The financial difficulties which have, to an extent, tied Southgate's hands are not of his making, although his record in the transfer market has been mixed, and large amounts have been squandered by him, Gibson and chief executive Keith Lamb in the last year.
Key areas of the squad have been neglected, and at what cost?
Stewart Downing will leave, no matter what the future holds for the club, with Liverpool and Tottenham certain to fight for his signature and hand over around £10million.
Moving Afonso Alves on for anything close to the £12m paid would have been difficult enough without him picking up an injuiry last night, even though Benfica are apparently interested.
But then, if any player owes Southgate it is the Brazil international, who may find the Championship as much to his liking as the Dutch and Swedish leagues where he scored for fun.
Tuncay Sanli deserves to play Premier League football, as the sublime turn which brought the opening goal against Newcastle demonstrated.
Chelsea have monitored his progress since his arrival in England and he would thrive at any club with European ambitions next season.
Robert Huth doesn't strike me as a man who will stick around, and his departure would lessen the wage bill, which is close to the manageable rate which will sustain any time in the Football League.
Blocking Gary O'Neil's move south is also unlikely.
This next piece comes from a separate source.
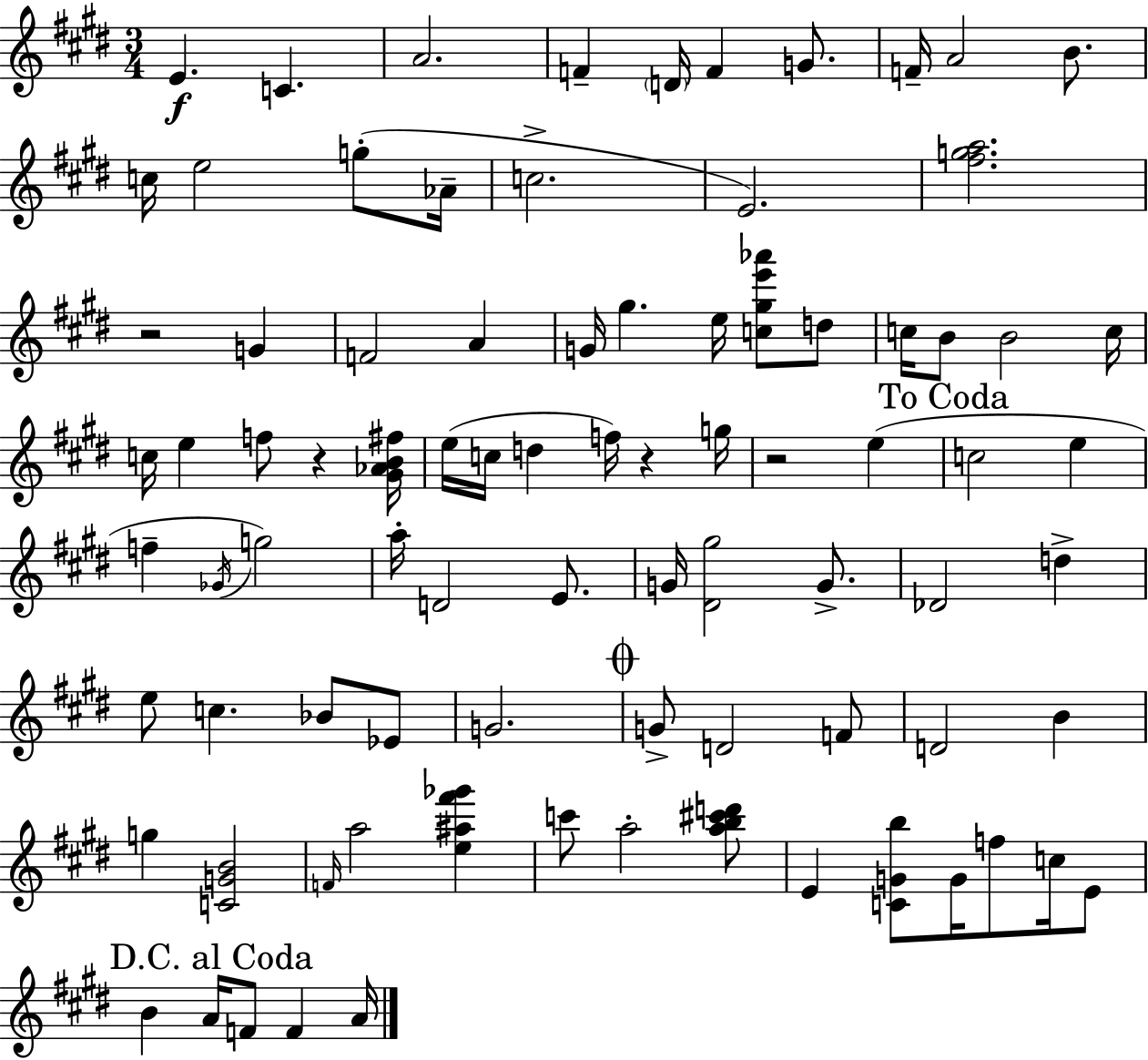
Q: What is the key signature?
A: E major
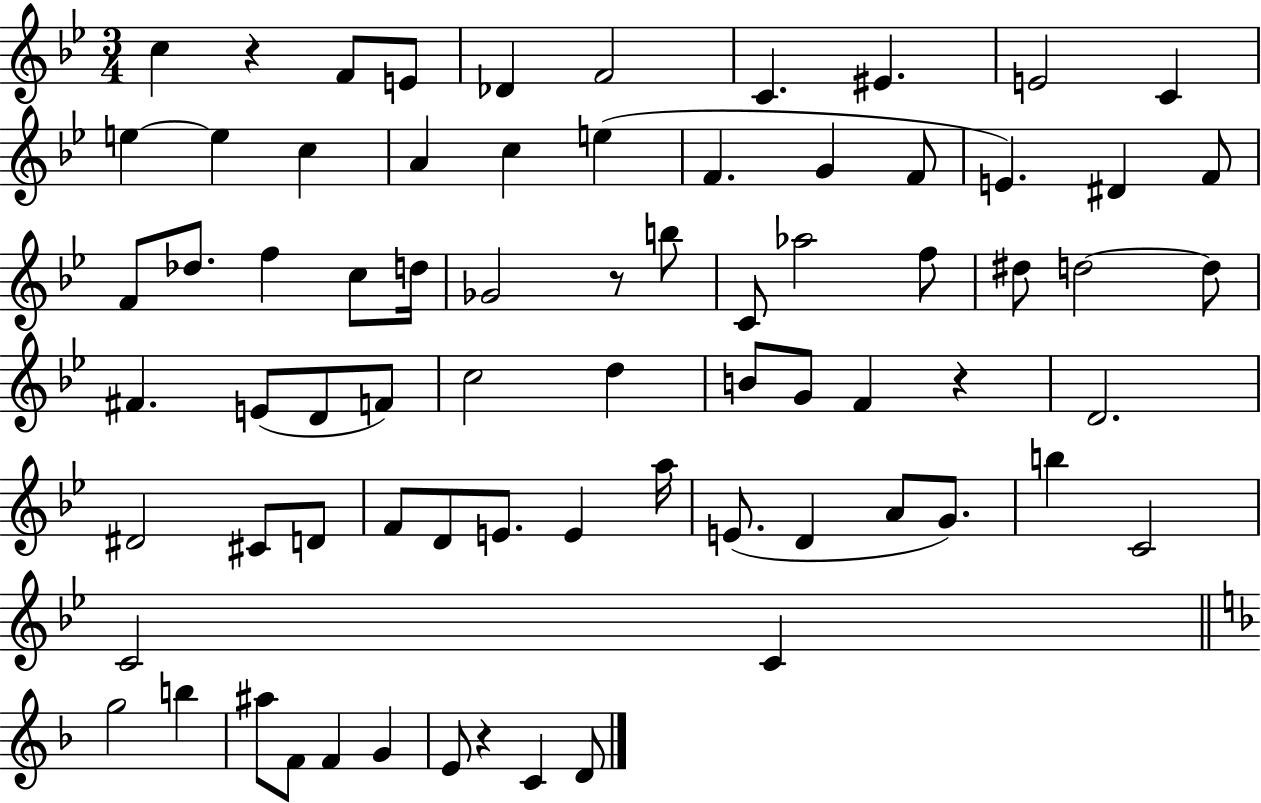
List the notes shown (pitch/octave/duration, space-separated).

C5/q R/q F4/e E4/e Db4/q F4/h C4/q. EIS4/q. E4/h C4/q E5/q E5/q C5/q A4/q C5/q E5/q F4/q. G4/q F4/e E4/q. D#4/q F4/e F4/e Db5/e. F5/q C5/e D5/s Gb4/h R/e B5/e C4/e Ab5/h F5/e D#5/e D5/h D5/e F#4/q. E4/e D4/e F4/e C5/h D5/q B4/e G4/e F4/q R/q D4/h. D#4/h C#4/e D4/e F4/e D4/e E4/e. E4/q A5/s E4/e. D4/q A4/e G4/e. B5/q C4/h C4/h C4/q G5/h B5/q A#5/e F4/e F4/q G4/q E4/e R/q C4/q D4/e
Southgate knows he has the basis of a promising young squad and he can make David Wheater a figurehead, rather than sacrifice him too, and see if former Academy players like Matthew Bates, Tony McMahon, Andrew Taylor, Josh Walker and Adam Johnson in particular can thrive in the Championship.
He knows they will swim more than they sink, but this squad has been lacking experience all season and additions over the age of 30 are required in all departments and must be top of the club scouts' list.
Three years ago this month, Gareth Southgate led Middlesbrough out in Eindhoven for the UEFA Cup final, just days after West Ham had knocked them out of the FA Cup in the semi-finals.
They were thrashed 4-0 by Juande Ramos' Sevilla and within two months Southgate was manager.
He was told it would be tough and he has faced more difficulties and injuries than some managers face in a decade. And he has faced them with the honesty and intelligence which makes him one of football's good guys.
Most football fans, and Middlesbrough fans, want to see him succeed, he is after all one of the few English managers around, and no one wants to see him suffer.
But Southgate knows mistakes have been made, and he knows they must be addressed for the future.
It is ironic that he is on the verge of gaining the pro-licence which officially allows him to manage in the Premier League, and he now faces a season in the second tier.
Middlesbrough will have six coaches with the qualification which caused so much consternation when he was appointed, yet since Steve Harrison's departure they have lacked a strong leader among the staff who might have guided Southgate through the troubled waters of this season.
One major worry for Middlesbrough of course is how many season ticket holders they will lose if they do go down.
The club have always led the way in sensible and more affordable ticket pricing, and the cuts for next season were announced before most of their Premier League rivals, and perhaps with Championship football in mind.
But with the whole country gripped by financial constraints, relegation could not have come at a worse time for a town hardly renowned for its thriving economy, and even with the best marketing in the world, thousands are certain to abandon the club as they look to cut costs and personal expenditure.
Southgate and Gibson will meet and assess just where it has gone wrong over the last three years.
The answers they come up with over the coming weeks and months will determine just how many fans will go the distance with them.